◆ **Exercise directions**
Below are some entries. Reproduce them word for word.

====== Dataset extract ======

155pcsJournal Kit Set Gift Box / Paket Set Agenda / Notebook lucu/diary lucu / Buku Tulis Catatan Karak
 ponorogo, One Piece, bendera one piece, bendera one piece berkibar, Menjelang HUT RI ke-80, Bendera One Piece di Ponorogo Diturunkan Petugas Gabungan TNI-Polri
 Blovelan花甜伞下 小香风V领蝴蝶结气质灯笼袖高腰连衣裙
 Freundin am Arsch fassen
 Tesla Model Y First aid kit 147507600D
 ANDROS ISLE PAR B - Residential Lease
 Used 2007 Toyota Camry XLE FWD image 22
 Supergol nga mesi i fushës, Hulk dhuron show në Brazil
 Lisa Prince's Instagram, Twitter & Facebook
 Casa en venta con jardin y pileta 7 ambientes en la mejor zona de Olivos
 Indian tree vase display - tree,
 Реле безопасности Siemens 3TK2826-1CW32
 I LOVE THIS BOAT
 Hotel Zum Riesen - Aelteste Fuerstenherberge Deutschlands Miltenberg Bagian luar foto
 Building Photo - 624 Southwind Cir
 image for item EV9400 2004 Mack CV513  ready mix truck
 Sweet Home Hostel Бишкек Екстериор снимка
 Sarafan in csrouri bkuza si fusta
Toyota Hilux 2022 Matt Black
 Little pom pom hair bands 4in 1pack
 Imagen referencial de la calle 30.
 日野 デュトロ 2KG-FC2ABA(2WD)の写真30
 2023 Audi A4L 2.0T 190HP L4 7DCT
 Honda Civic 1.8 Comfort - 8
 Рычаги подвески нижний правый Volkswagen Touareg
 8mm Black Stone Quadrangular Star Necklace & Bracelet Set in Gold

======

◆ **Written answer**
155pcsJournal Kit Set Gift Box / Paket Set Agenda / Notebook lucu/diary lucu / Buku Tulis Catatan Karak
 ponorogo, One Piece, bendera one piece, bendera one piece berkibar, Menjelang HUT RI ke-80, Bendera One Piece di Ponorogo Diturunkan Petugas Gabungan TNI-Polri
 Blovelan花甜伞下 小香风V领蝴蝶结气质灯笼袖高腰连衣裙
 Freundin am Arsch fassen
 Tesla Model Y First aid kit 147507600D
 ANDROS ISLE PAR B - Residential Lease
 Used 2007 Toyota Camry XLE FWD image 22
 Supergol nga mesi i fushës, Hulk dhuron show në Brazil
 Lisa Prince's Instagram, Twitter & Facebook
 Casa en venta con jardin y pileta 7 ambientes en la mejor zona de Olivos
 Indian tree vase display - tree,
 Реле безопасности Siemens 3TK2826-1CW32
 I LOVE THIS BOAT
 Hotel Zum Riesen - Aelteste Fuerstenherberge Deutschlands Miltenberg Bagian luar foto
 Building Photo - 624 Southwind Cir
 image for item EV9400 2004 Mack CV513  ready mix truck
 Sweet Home Hostel Бишкек Екстериор снимка
 Sarafan in csrouri bkuza si fusta
Toyota Hilux 2022 Matt Black
 Little pom pom hair bands 4in 1pack
 Imagen referencial de la calle 30.
 日野 デュトロ 2KG-FC2ABA(2WD)の写真30
 2023 Audi A4L 2.0T 190HP L4 7DCT
 Honda Civic 1.8 Comfort - 8
 Рычаги подвески нижний правый Volkswagen Touareg
 8mm Black Stone Quadrangular Star Necklace & Bracelet Set in Gold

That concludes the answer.